Records supplied

BEGIN

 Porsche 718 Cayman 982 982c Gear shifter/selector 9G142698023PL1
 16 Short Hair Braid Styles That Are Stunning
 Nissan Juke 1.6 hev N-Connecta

END
BEGIN

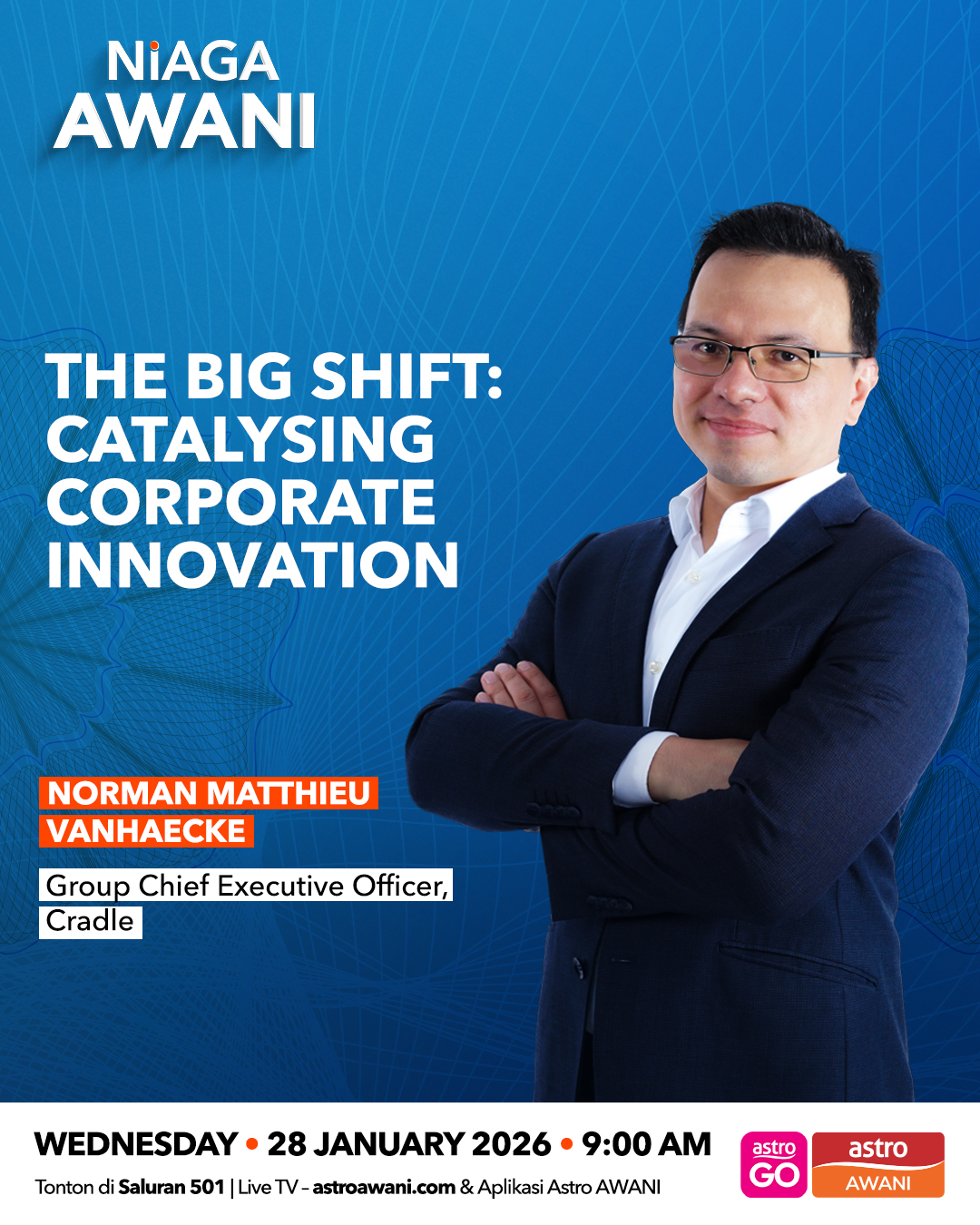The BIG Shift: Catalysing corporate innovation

END

Task to carry out
Take the listing above and repeat exactly the lines from the one containing "16 Short Hair Braid Styles That Are Stunning" through the one containing "Nissan Juke 1.6 hev N-Connecta", both included.

Exercise response
 16 Short Hair Braid Styles That Are Stunning
 Nissan Juke 1.6 hev N-Connecta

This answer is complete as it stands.